**Your instructions:**
Restate the records below exactly. Pictures are not part of the copy.

**Records to use:**

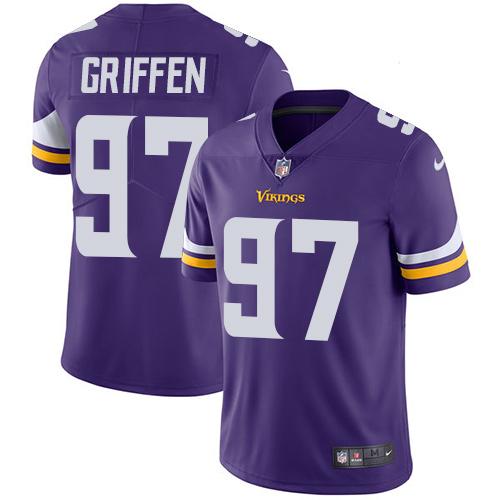 Minnesota Vikings #97 Everson Griffen Purple Team Color Youth Stitched Vapor Untouchable Limited Jersey Youth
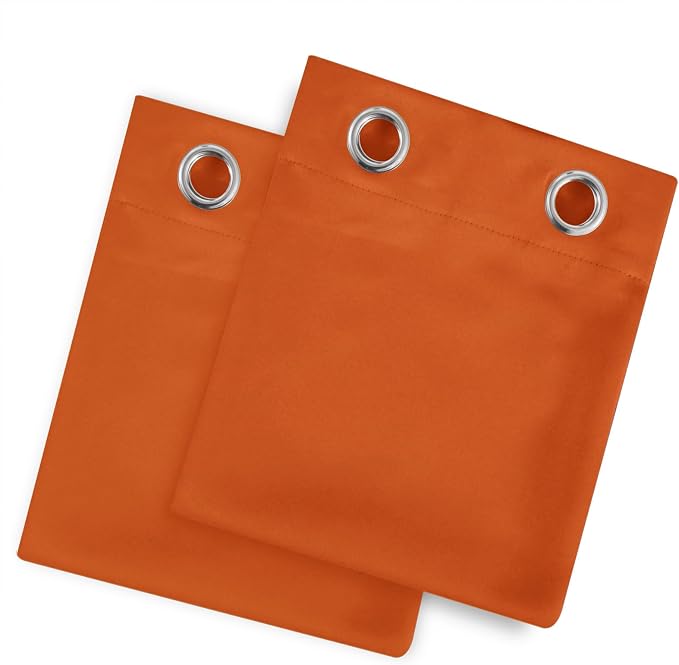 LEMOMO Orange Blackout Curtains 42 x 54 Inch Length Set of 2 Panels Grommet - Image 9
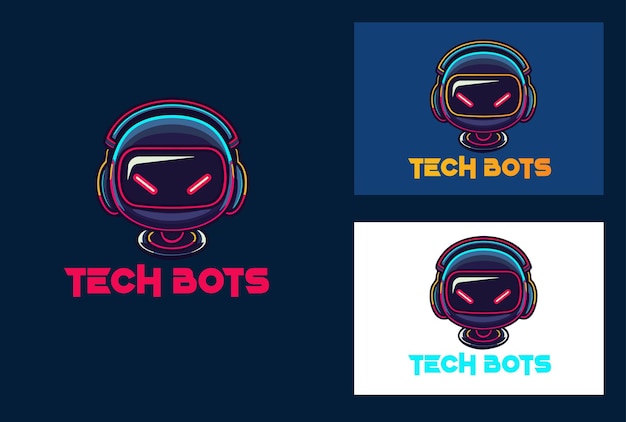 Ilustración del logotipo del icono del robot tecnológico moderno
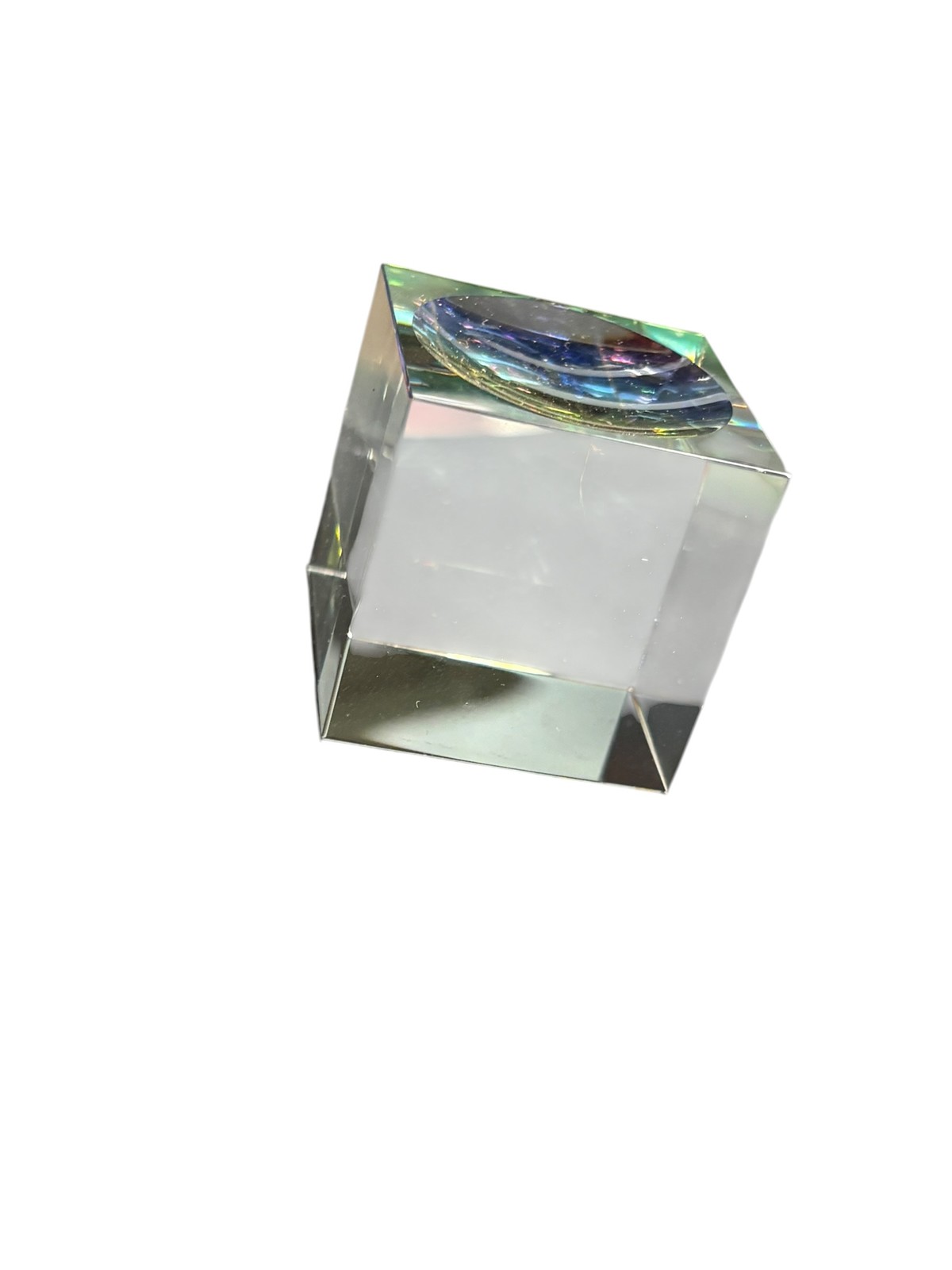 Modern Art Glass Dichroic Cube Paperweight Clear Iridescent Purple Pink Blue
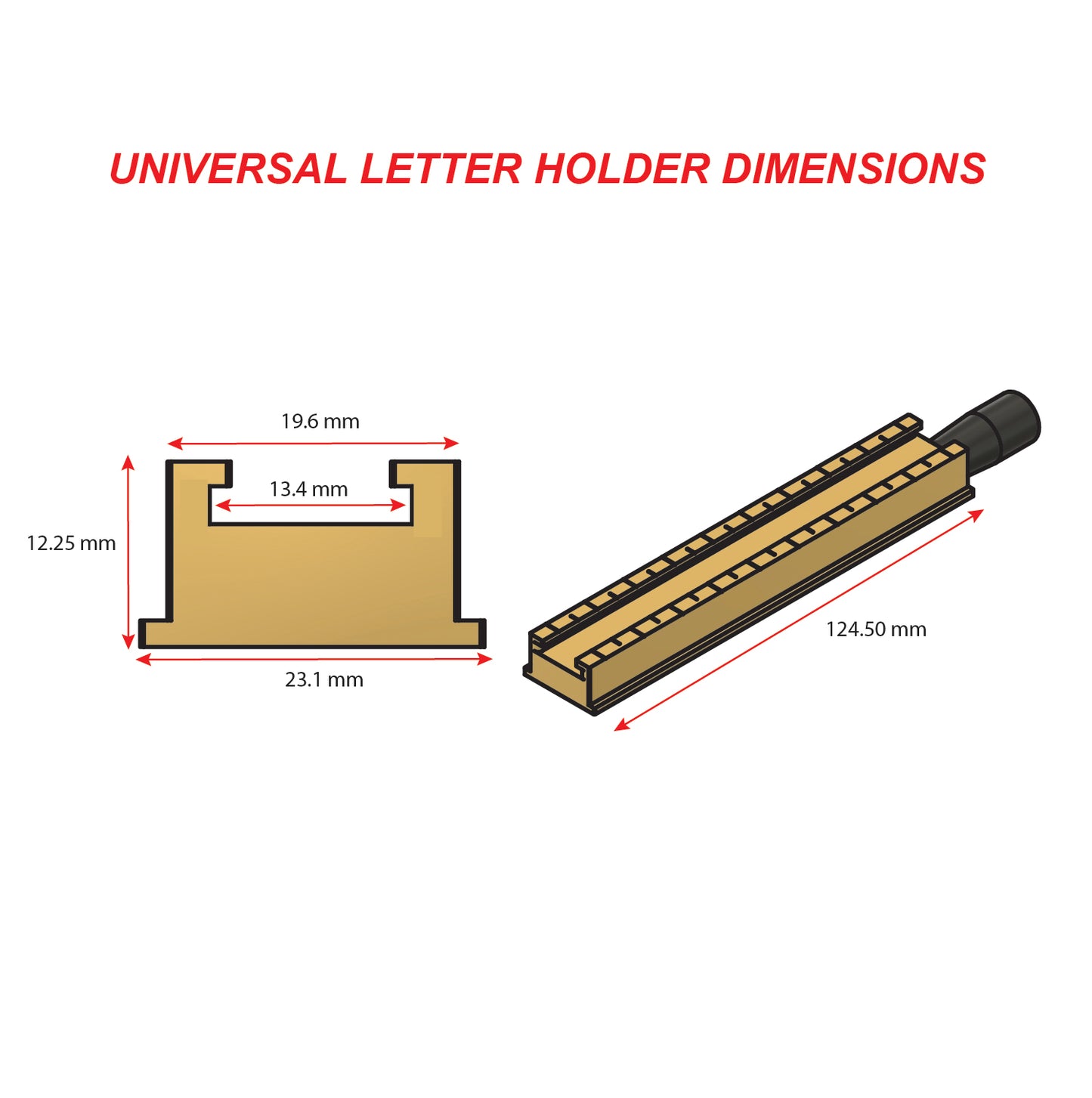 Brass Stamping Letter Set for Hot Stamping Machines, 266 Pieces, Times New Roman Font, 6mm, Includes Alphabet, Numbers and Symbols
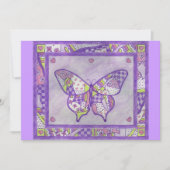 Lila Butterfly-Quilt-Einladung Einladung (Vorderseite)
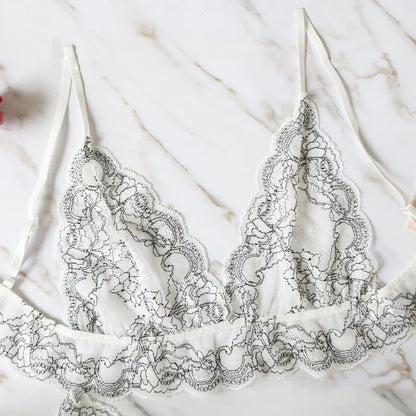 Plus Size Sheer Lingerie Set with Bra and Panties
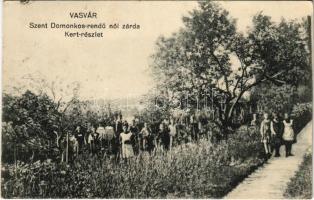 1924 Vasvár, Szent Domonkos-rendi női zárda, kert részlet (ázott / wet damage)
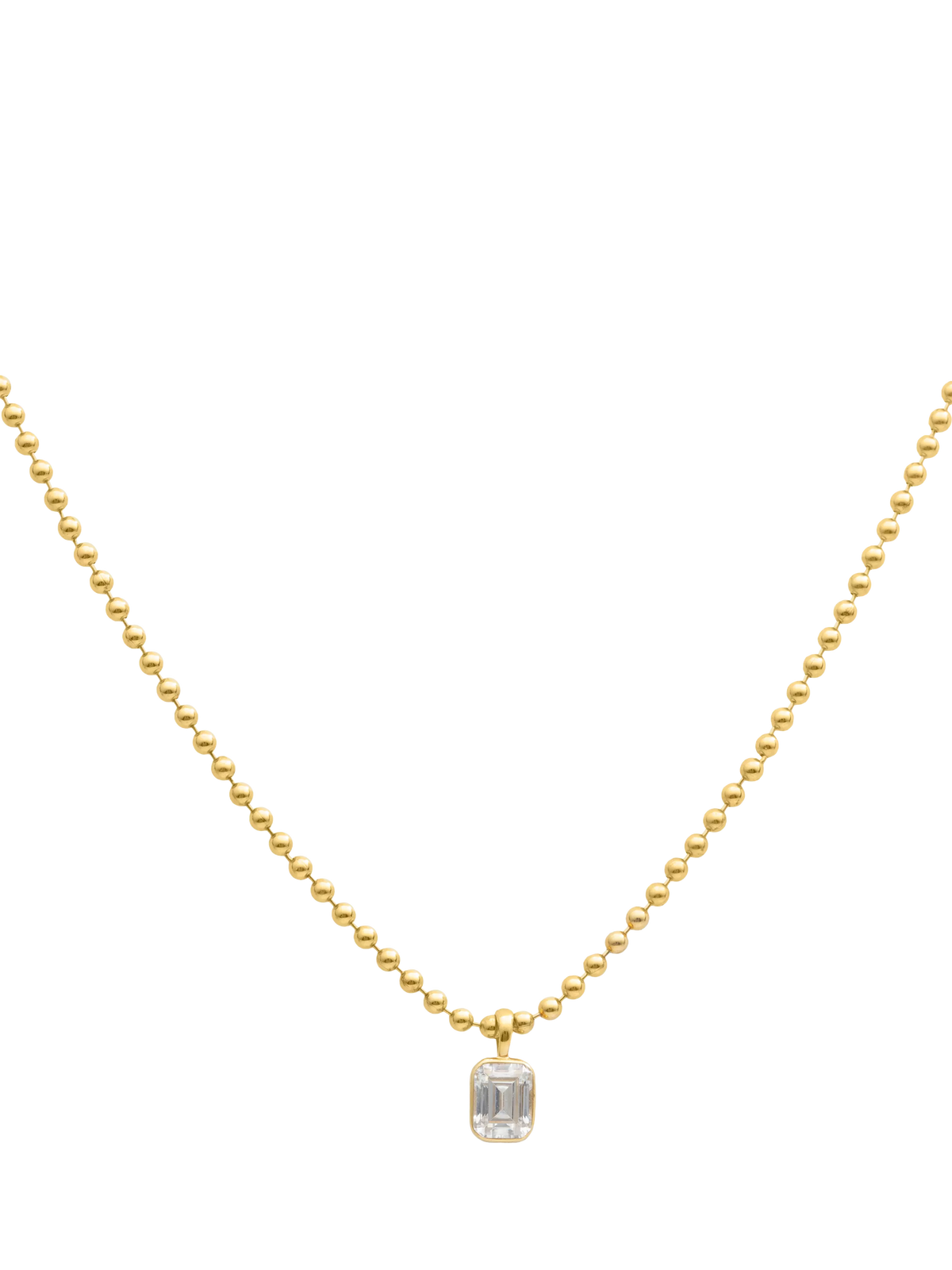 LARNAUTI diamond pendant emerald cut solitaire 0.30ct (British brand)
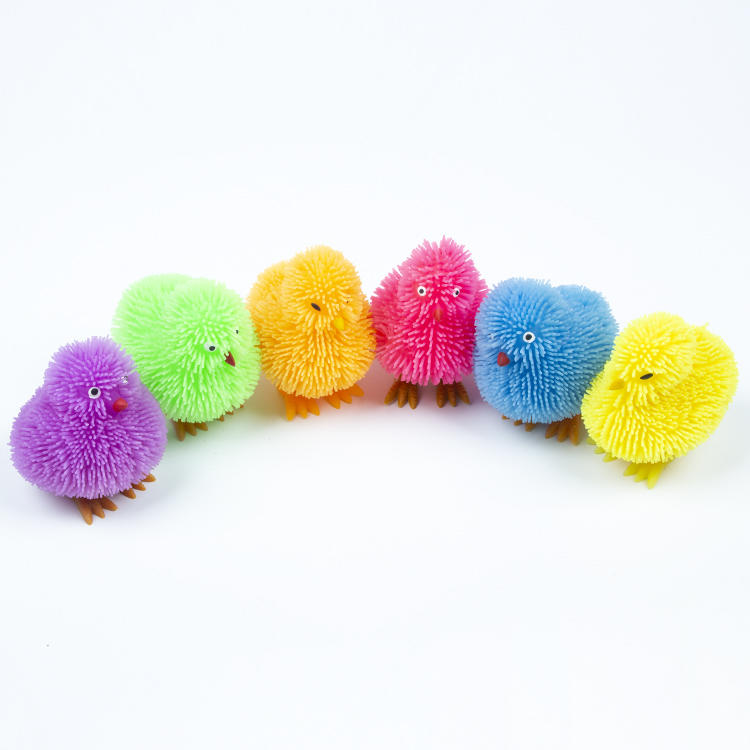 Wholesale TPR Soft Squeeze Baby Chick Cute Bushy Lovely Puffer Chicken Easter Custom toy for Kids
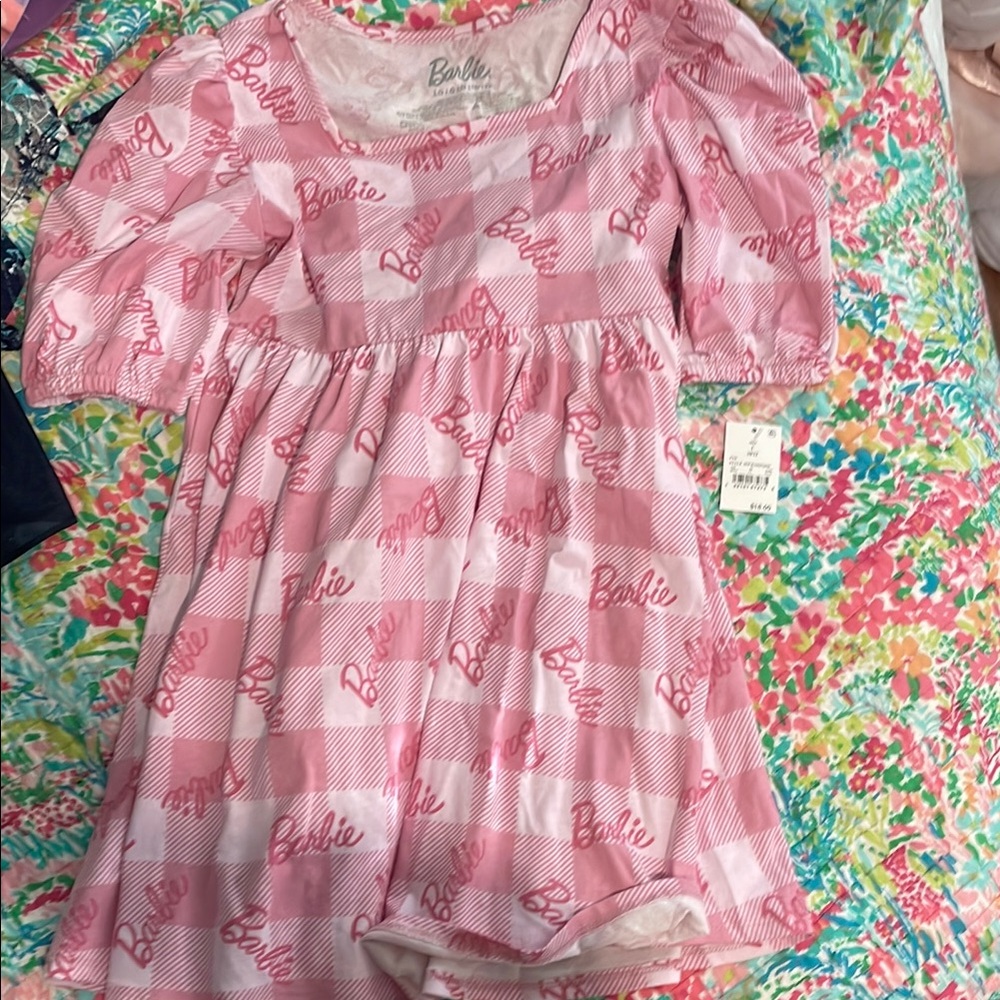 Barbie Pink Checkered Dress
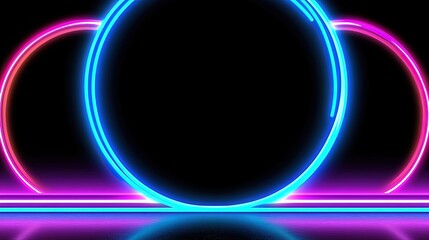 Poster - Vibrant Neon Circles with Glow Effect on Dark Background for Modern Designs and Themes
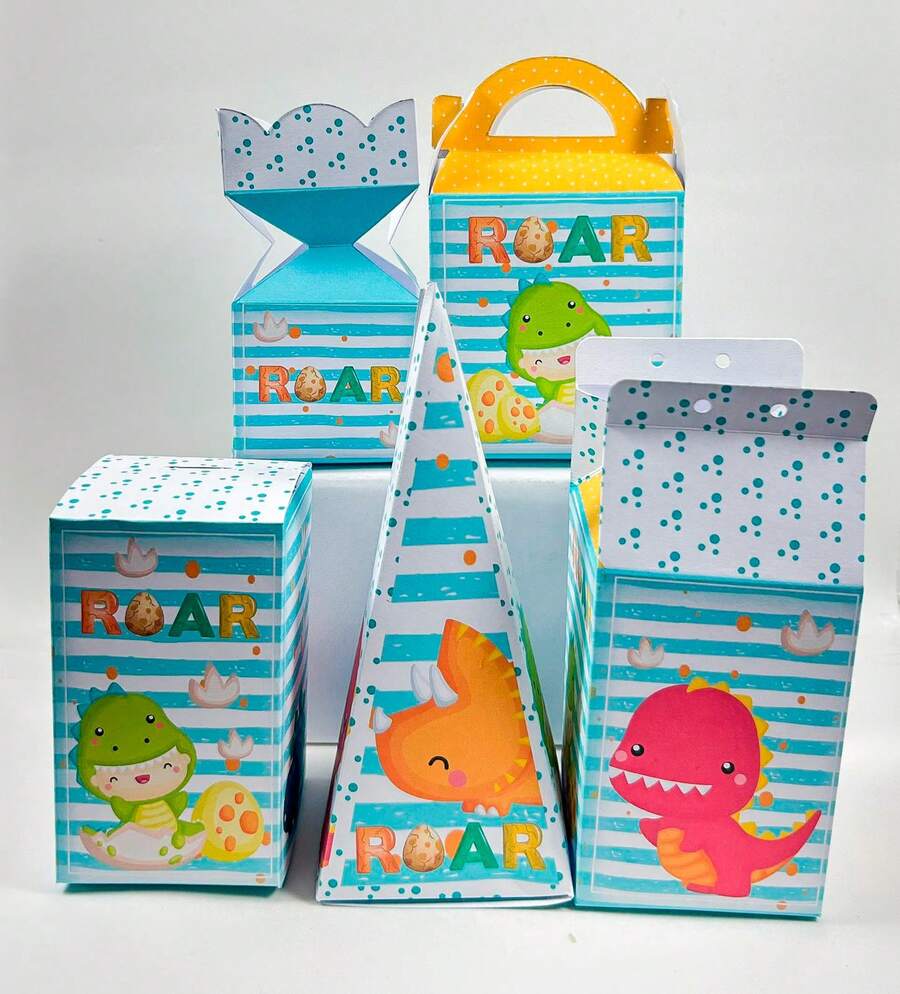 20 DINO BABY Boxes – Party Favors For Children's Parties – WITHOUT PERSONALIZATION | Grab And Assemble - 彩色 - 查看 1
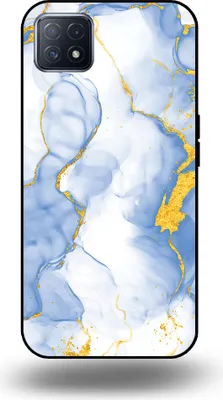 Zdjęcie produktu dla Etui na telefon Smartphonica pasujące do OPPO A53 5G / A72 5G / A73 5G z nadrukiem jasnoniebieskiego złotego marmuru - TPU Backcover Case Lightblue Gold Marble Design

**Your response:**
 Minnesota Vikings #97 Everson Griffen Purple Team Color Youth Stitched Vapor Untouchable Limited Jersey Youth
 LEMOMO Orange Blackout Curtains 42 x 54 Inch Length Set of 2 Panels Grommet - Image 9
 Ilustración del logotipo del icono del robot tecnológico moderno
 Modern Art Glass Dichroic Cube Paperweight Clear Iridescent Purple Pink Blue
 Brass Stamping Letter Set for Hot Stamping Machines, 266 Pieces, Times New Roman Font, 6mm, Includes Alphabet, Numbers and Symbols
 Lila Butterfly-Quilt-Einladung Einladung (Vorderseite)
 Plus Size Sheer Lingerie Set with Bra and Panties
 1924 Vasvár, Szent Domonkos-rendi női zárda, kert részlet (ázott / wet damage)
 LARNAUTI diamond pendant emerald cut solitaire 0.30ct (British brand)
 Wholesale TPR Soft Squeeze Baby Chick Cute Bushy Lovely Puffer Chicken Easter Custom toy for Kids
 Barbie Pink Checkered Dress
 Poster - Vibrant Neon Circles with Glow Effect on Dark Background for Modern Designs and Themes
 20 DINO BABY Boxes – Party Favors For Children's Parties – WITHOUT PERSONALIZATION | Grab And Assemble - 彩色 - 查看 1
 Zdjęcie produktu dla Etui na telefon Smartphonica pasujące do OPPO A53 5G / A72 5G / A73 5G z nadrukiem jasnoniebieskiego złotego marmuru - TPU Backcover Case Lightblue Gold Marble Design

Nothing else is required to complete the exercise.